Wednesday, 29 February 2012

Annual General Meeting; 20 March 2012

Will members please note that the AGM will take place at 7.30pm on Tuesday 20 March prior to that evening's talk in the Lecture Hall at Kilmarnock College.
Non-members are welcome to attend the talk and should note that the AGM normally lasts between 10 and 15 minutes.
Thank you.

Sunday, 19 February 2012

Napoleon's Retreat from Moscow - 1812




Emperor Napoleon I invaded Russia with his Grande Armée on June 24, 1812. This enormous force, featuring more than 500,000 soldiers and staff, was the largest European military force ever assembled at that time.

During the opening months of the invasion, Napoleon and his troops faced a Russian army in perpetual retreat. Refusing to engage Napoleon's superior army in a full-scale confrontation, the Russians, commanded by General Mikhail Kutuzov, burned everything behind them as they retreated deeper and deeper into Russia.

On September 7, the indecisive Battle of Borodino was fought, in which both sides suffered terrible losses
.
On September 14, Napoleon reached Moscow hoping to find supplies but instead found almost the entire population evacuated, and the Russian forces having retreated again. Early the next morning, fires broke across the city, set by Russian patriots, and the Grande Armée's winter quarters were destroyed. After waiting a month for a surrender that never came, Napoleon, faced with the onset of the Russian winter, was forced to order his starving army out of Moscow.

To learn more about these historic events, come along to our meeting on Tuesday 21 February at 7.30pm in Kilmarnock College Lecture Theatre.  You will be made very welcome by our members.

Our speaker that night will be Dr. Ian Matheson and the title of his talk is:

"The Turning Point ; Napoleon’s Invasion of Russia 1812"

Saturday, 4 February 2012

Our Next Speaker - 7 February 2012

Here is some background information on our next speaker.  He will be giving us some new insight into the life of our national hero William Wallace and discussing aspects of the Declaration of Arbroath

Professor Dauvit Broun


Dauvit Broun (David Brown) (born 1961) is Professor of Scottish History at the University of Glasgow.
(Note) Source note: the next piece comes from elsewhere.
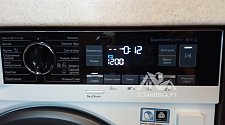 Установить встраиваемую стиральную машину Electrolux PerfectCare 700 EW7W3R68SI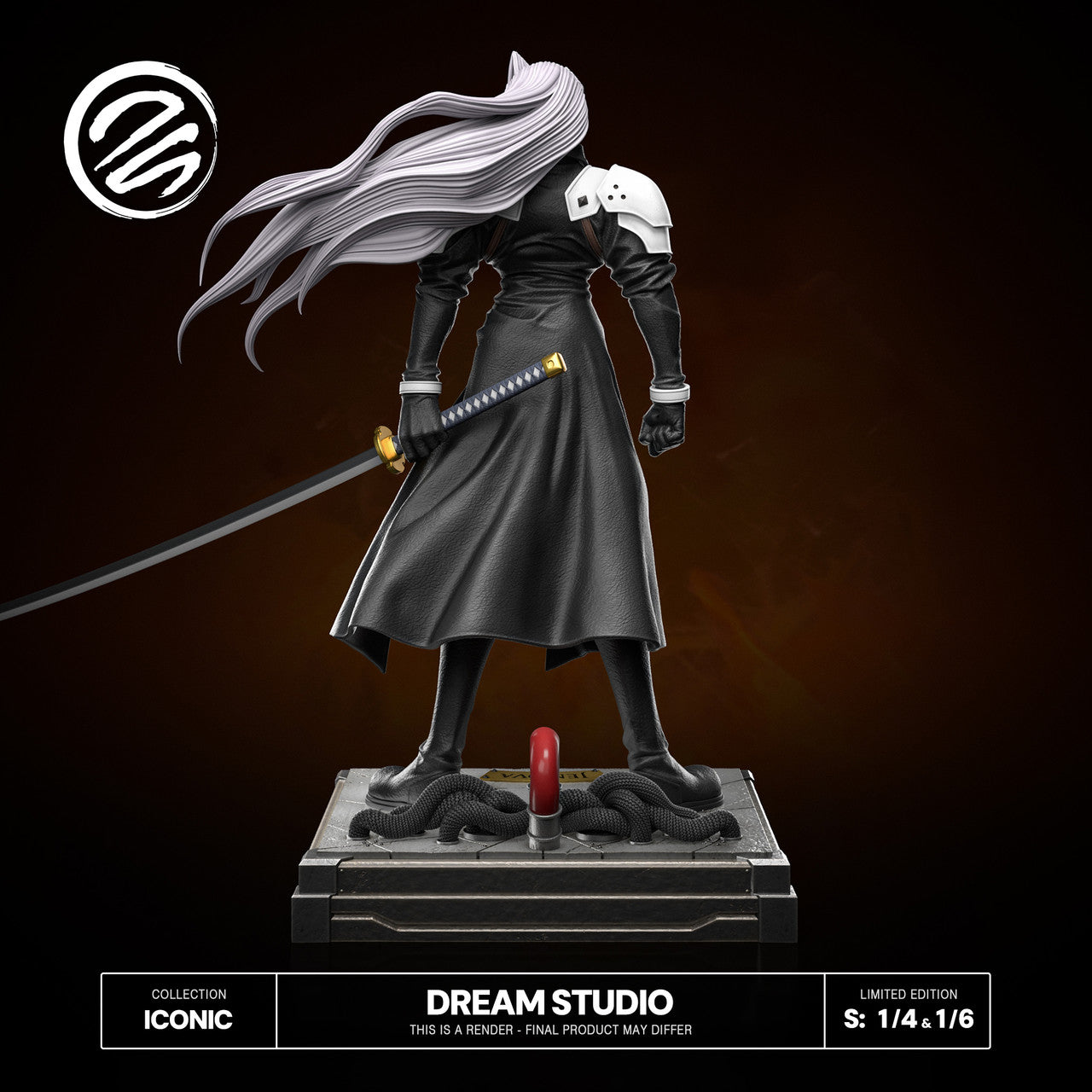 Dream  - Sephiroth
A specialist in medieval Scottish and Celtic studies, he concentrates primarily on early medieval Scotland, and has written abundantly on the topic of early Scottish king-lists, as well as on literacy, charter-writing, national identity, and on the text known as de Situ Albanie.

He is editor of the New Edinburgh History of Scotland series, the pre-1603 editor of the Scottish Historical Review, convener of the Scottish History Society, and the Principal Investigator of the Arts and Humanities Research Council-funded project 'The Paradox of Medieval Scotland, 1093-1286'.